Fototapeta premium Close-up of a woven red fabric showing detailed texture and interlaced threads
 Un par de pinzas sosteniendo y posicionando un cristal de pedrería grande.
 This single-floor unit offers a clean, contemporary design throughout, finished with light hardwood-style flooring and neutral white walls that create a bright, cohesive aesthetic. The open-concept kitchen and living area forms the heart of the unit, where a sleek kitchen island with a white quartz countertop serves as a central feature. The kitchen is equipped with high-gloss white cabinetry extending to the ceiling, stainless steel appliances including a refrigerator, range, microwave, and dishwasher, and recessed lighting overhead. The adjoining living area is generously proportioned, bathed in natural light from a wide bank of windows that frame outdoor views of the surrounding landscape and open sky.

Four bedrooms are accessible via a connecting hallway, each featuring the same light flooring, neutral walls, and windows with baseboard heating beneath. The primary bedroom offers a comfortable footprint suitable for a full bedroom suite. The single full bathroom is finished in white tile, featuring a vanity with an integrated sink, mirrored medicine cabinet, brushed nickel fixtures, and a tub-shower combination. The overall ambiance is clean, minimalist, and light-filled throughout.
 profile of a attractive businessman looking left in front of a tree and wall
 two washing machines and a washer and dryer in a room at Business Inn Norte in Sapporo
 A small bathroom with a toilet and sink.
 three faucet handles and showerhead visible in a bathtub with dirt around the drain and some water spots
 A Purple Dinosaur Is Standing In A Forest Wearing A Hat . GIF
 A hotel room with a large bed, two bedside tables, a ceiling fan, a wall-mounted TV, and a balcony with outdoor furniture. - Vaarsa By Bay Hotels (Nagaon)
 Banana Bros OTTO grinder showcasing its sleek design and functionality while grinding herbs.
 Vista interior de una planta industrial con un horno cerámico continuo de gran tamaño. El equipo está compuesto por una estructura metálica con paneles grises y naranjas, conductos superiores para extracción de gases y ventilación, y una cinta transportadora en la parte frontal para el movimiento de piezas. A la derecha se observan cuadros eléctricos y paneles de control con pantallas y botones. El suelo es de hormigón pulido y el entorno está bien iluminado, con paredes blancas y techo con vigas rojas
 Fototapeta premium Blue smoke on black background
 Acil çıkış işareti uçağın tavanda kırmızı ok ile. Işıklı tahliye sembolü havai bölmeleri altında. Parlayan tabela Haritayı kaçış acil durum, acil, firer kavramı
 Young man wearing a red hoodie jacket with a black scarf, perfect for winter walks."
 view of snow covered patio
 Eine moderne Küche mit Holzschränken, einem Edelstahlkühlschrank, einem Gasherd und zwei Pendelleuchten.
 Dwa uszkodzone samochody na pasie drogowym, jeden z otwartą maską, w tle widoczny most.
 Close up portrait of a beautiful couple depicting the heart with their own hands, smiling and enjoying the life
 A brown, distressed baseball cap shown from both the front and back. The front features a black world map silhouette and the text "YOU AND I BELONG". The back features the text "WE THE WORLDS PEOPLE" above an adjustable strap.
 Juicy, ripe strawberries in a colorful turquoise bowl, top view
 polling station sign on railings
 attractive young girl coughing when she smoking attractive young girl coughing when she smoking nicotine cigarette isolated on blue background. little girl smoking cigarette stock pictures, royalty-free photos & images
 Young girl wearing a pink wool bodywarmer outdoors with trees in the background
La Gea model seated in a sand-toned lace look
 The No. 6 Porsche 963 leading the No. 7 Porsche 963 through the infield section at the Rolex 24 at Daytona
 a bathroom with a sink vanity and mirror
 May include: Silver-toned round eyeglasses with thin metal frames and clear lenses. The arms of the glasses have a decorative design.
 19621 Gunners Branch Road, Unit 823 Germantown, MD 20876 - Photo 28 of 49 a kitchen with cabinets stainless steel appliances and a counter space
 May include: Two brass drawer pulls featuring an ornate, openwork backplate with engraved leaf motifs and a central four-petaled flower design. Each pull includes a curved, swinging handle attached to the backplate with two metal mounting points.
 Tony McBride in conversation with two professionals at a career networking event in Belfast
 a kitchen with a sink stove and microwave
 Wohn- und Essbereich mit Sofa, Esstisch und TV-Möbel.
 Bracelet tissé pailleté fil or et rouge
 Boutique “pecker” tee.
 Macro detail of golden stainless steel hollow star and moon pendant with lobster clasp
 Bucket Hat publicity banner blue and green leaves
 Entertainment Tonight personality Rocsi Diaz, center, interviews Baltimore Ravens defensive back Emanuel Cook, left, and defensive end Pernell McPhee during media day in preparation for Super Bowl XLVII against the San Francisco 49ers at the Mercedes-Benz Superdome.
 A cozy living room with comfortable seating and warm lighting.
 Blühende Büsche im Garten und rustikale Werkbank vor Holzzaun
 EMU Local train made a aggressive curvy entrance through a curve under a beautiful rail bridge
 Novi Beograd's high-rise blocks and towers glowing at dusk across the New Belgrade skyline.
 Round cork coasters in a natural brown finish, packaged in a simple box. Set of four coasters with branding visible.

====================

• _TASK DIRECTIONS_
When you reach the line that contains "Un par de pinzas", stop; that line and every line before it, from the very first line of the data, should be restated word for word.

• _RESPONSE AREA_
Fototapeta premium Close-up of a woven red fabric showing detailed texture and interlaced threads
 Un par de pinzas sosteniendo y posicionando un cristal de pedrería grande.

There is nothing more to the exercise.